Second, even more so than other Senate activities, Senators don't do investigations themselves. They are entirely about staff work. Congressional investigators operate more like Assistant U.S. Attorneys than anything else. They interview everyone they need to, set everything up, and then organize a media event -- a hearing -- at which the Senators ask scripted questions and express scripted outrage. The staff has to be extremely good, like Blum, quoted by Beatty, and the Senator doesn't have to do most of the things that a Senator normally has to do: persuade colleagues, understand the intricacies of legislation, sit through meetings, hang out on the Senate floor for a chance to offer an amendment, etc.

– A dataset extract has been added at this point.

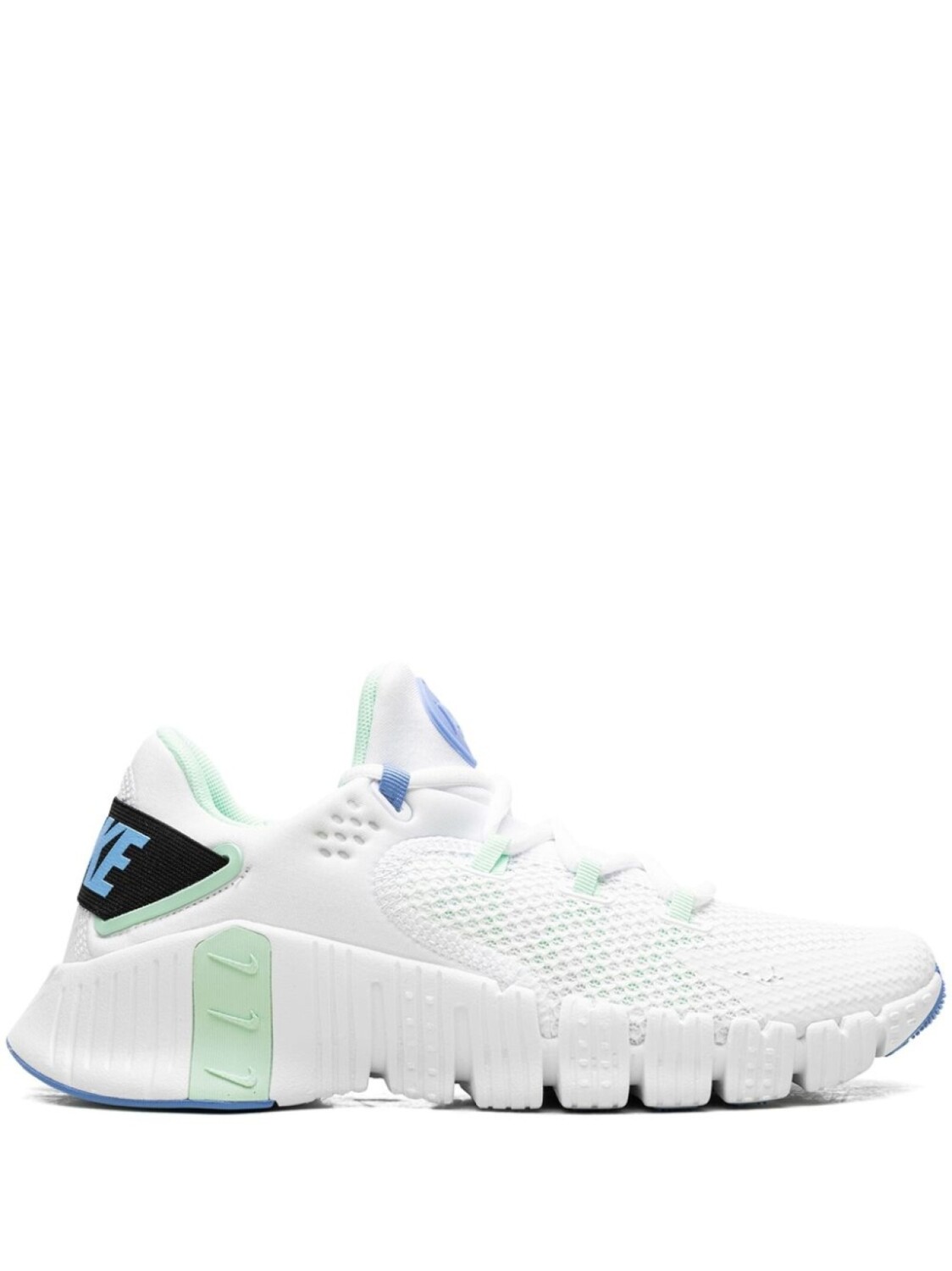 

Nike кроссовки Free Metcon 4 White/Mint Foam, белый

Still, it's the people who are best at that aspect of being a Senator, like Bob Dole, who tend to make weak presidential candidates, so Kerry's way of using the institution might be just the ticket.
Of course, it was on the investigative committees that Truman made his name as a man of integrity who was capable of being non-partisan in the public interest. But obviously even John Kerry doesn't think John Kerry maps too well onto Harry Truman, or we'd have heard more about it.
Posted by: William | 02/01/2004 at 08:25 AM
And what a world of difference between the two Kerry's - the two phases of his life when he was married to two different wives!
Posted by: Name | 02/01/2004 at 01:57 PM
The attempts at painting Kerry's Senate career as empty are pretty feeble, as are the insistent claims that he's not "tough" enough. As if you can run a boat straight into enemy fire and take on the Reagan juggernaut of corruption and deceit and not be "tough."
Posted by: Termination Shock | 02/02/2004 at 10:14 AM
That last comment, I hope, isn't how Kerry plans to campaign: I was on a gunboat in Vietnam, so my political career is not empty. Kerry's problem is that he seems to have faded over time. It's the recent past that will haunt him, not his accomplishments (which are real) from 10, 20 or 30 years ago.
Posted by: Alex | 02/04/2004 at 04:01 PM
It's about the President's character, stupid.
AWOL, shmaywol: why wasn't Bushlet leading either infantry or an angry protest?